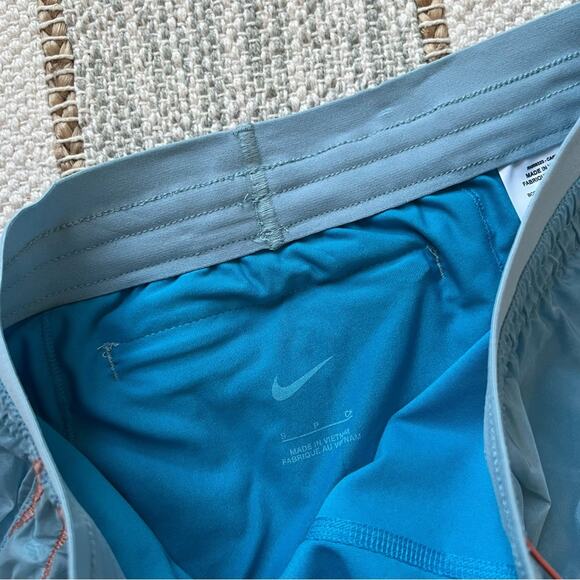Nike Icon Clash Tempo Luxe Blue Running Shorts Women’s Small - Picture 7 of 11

...

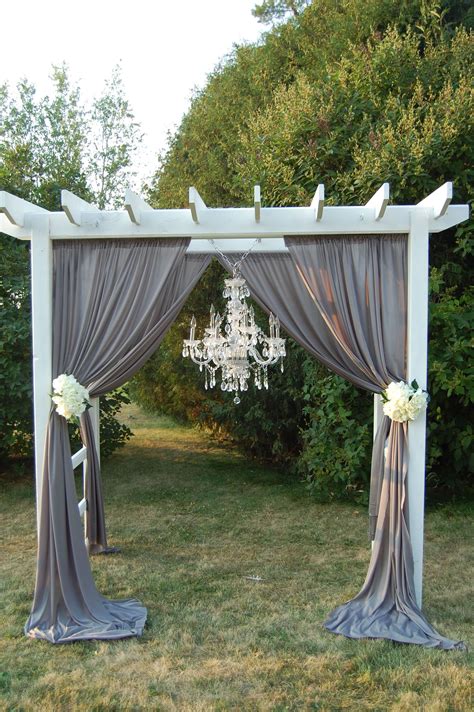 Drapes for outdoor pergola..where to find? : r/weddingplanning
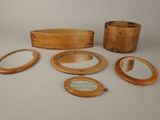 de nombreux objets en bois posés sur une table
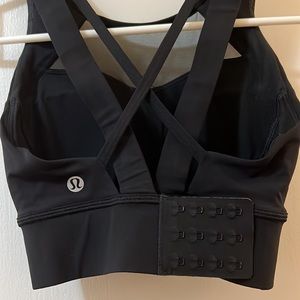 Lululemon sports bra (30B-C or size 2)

## Required work
A clean copy is needed of the lines above from the one with "de nombreux objets" up to and including the one with "Lululemon sports bra (30B-C or size 2)". Please set it down exactly, with no pictures.

## Finished task
 de nombreux objets en bois posés sur une table
 Lululemon sports bra (30B-C or size 2)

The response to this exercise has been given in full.